Apparently non-profits are falling prey to the temptation of letting budgets, tactics, outcomes, and the personal whims of management replace the ultimate purpose for which the enterprise was founded. As the strategic planning process passes year after year through more and more hands, a clear statement of purpose can easily become obscured.
When the Harvard Business School developed the Harvard Policy Model in the 1920's, government and business began to adopt the strategic planning concepts that were first conceived by the Greeks in 500 B.C. Our term "strategy" derives from the Greek "strategos," which means literally, "general of the army." The strategoi (generals) gave strategic advice about managing battles to win wars, rather than tactical advice about managing troops to win battles. This perspective has been handed down to our modern military, government, and, finally, corporations and non-profit organizations.
What does "managing battles to win wars" mean to a modern non-profit organization? What is the difference between tactics and strategy? What is a goal? What is a mission? Who are the stakeholders? What about budgets? Donations? Donors? Volunteers?
For non-profits, the road back to a clear strategy is through common sense and plain speak. The strategic planning process has become bogged down in academic jargon and mental artifice. Terms like macro-environment, formulation, internal rate of return, implementation, incrementation, etc. obscure clear thought and communication.
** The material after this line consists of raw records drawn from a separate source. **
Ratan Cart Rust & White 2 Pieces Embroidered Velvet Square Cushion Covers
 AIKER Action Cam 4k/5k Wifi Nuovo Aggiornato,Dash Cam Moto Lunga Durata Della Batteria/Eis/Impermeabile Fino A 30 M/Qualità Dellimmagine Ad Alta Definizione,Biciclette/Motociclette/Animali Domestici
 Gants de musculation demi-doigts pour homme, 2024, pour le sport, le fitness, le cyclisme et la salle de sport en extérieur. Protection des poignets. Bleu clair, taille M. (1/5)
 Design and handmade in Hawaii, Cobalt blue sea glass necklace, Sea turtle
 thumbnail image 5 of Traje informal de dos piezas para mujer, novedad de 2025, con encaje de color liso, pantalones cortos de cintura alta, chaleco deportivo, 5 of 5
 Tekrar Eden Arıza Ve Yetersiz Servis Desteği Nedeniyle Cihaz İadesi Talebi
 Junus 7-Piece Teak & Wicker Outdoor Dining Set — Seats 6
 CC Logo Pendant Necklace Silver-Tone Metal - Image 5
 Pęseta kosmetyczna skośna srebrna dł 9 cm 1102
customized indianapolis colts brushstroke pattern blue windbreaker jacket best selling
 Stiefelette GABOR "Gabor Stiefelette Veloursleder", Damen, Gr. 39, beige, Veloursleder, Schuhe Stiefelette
Strategic planning is nothing more than a focused thought process designed to keep complex organizations working toward a clear mission. Any intellectual artifice that dilutes focus is detrimental to formulating a clear strategy. Let's get back to asking our organizations frank questions and demanding straight forward answers.
Try the following questions.
Collect and collate the answers.
See what you have left.
- What are we all doing here, anyway?
- What problem are we trying to solve?
- Who is the primary beneficiary?
- Who else benefits?
- What is preventing us from solving the problem?
- How do we eliminate that obstacle?
- What's my part in the solution?
- How do we know if we've solved the problem?
- How do I benefit?
- What do we do next?
When the straightforward answers to these simple questions are collected from the entire organization, your strategic plan will write itself.